At the end of August, Best Buy posted better-than-expected results, which lit a fire under the shares. Its second-quarter earnings were 57 cents per share, 14 cents better than the consensus of 43 cents. Revenue rose a microscopic 0.1% to $8.53 billion, vs. the $8.39 billion estimate.
The better-than-expected earnings came almost entirely from a lower tax rate, which fell from 37% to 34.6%.
Same-stores sales were up 0.8% vs. flat guidance. Last year, same-store sales were up 3.8%.
Gross margins fell 28 basis points to 24.17%, while operating income was flat at 3.43%.
U.S. online revenue surged 23.7% to $835 million due to higher traffic, higher average order amounts and better customer conversion. As a percentage of domestic revenue, e-commerce is now 10.6%, up 200 basis points.
The company closed 12 large-format and 22 Best Buy Mobile stores during the quarter. On a constant currency basis, international revenue rose 4.1%.
Best Buy reports third-quarter results on Thursday. Analysts are expecting just 0.4% growth. But Best Buy could benefit from better demand for mobile phones and televisions as new models hit the sales floor this quarter.
Management said earnings this quarter should fall into a range between 43 cents and 47 cents per share, vs. estimates of 45 cents. Revenue is expected to be in the range of $8.8 billion to $8.9 billion. Same-store sales are expected to be up 1%.

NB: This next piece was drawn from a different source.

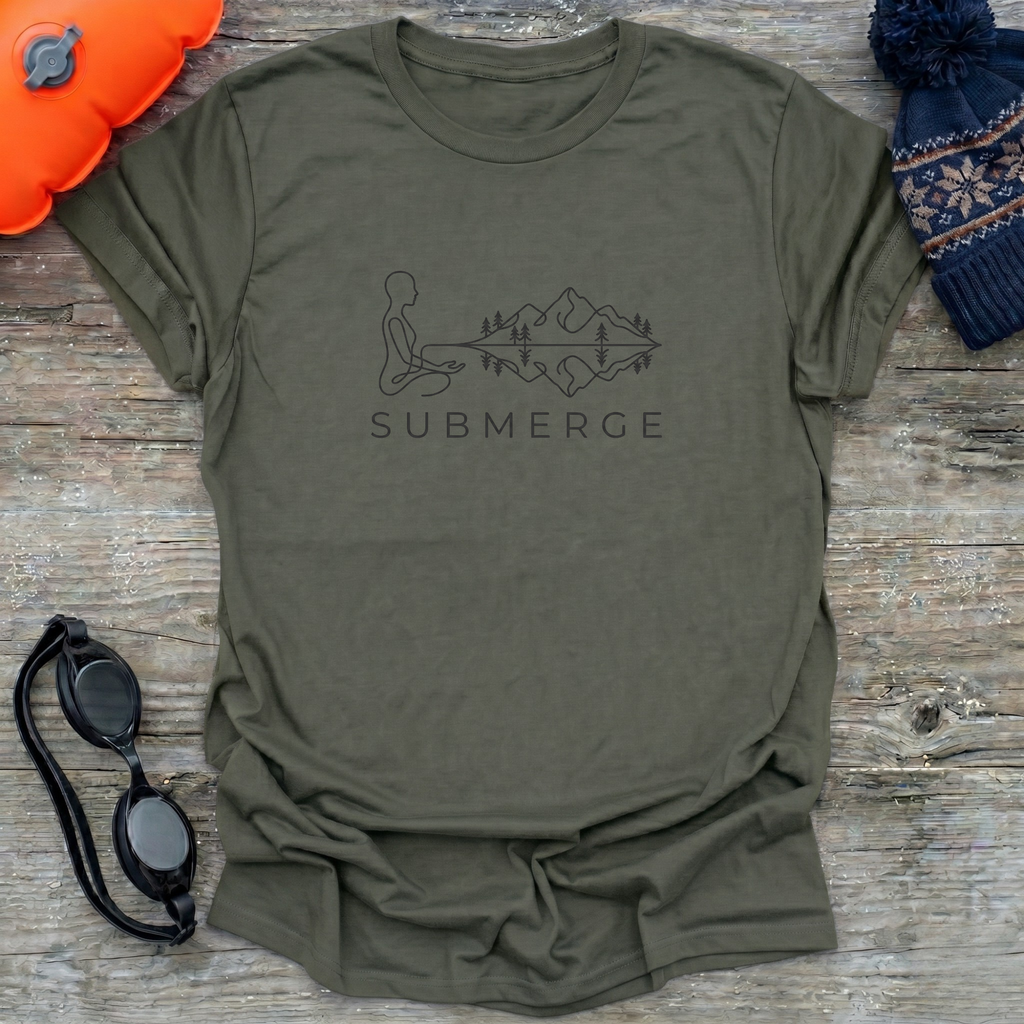 Submerge T-Shirt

With the stock up so much, investors are banking on a strong second half. The fourth quarter represents about 55% of total sales so, with the stock up 36% year to date, it seems investors have already anticipated a solid holiday season.

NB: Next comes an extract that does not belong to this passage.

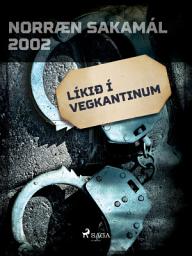 Icon image Líkið í vegkantinum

I would sell into any rally. At $39, the stock is already trading at 12 times fiscal 2018 estimates of $3.23 per share. The three-year average forward multiple for Best Buy is about 12.1, so the stock is already there. The company has no top-line growth.
Earnings are mostly coming from cost savings or lower tax rates. The company has already saved $1.2 billion of its $1.4 billion cost reduction plan, so going forward it will be a lot tougher to squeeze out savings to drive earnings per share.
In my opinion, there are better buys.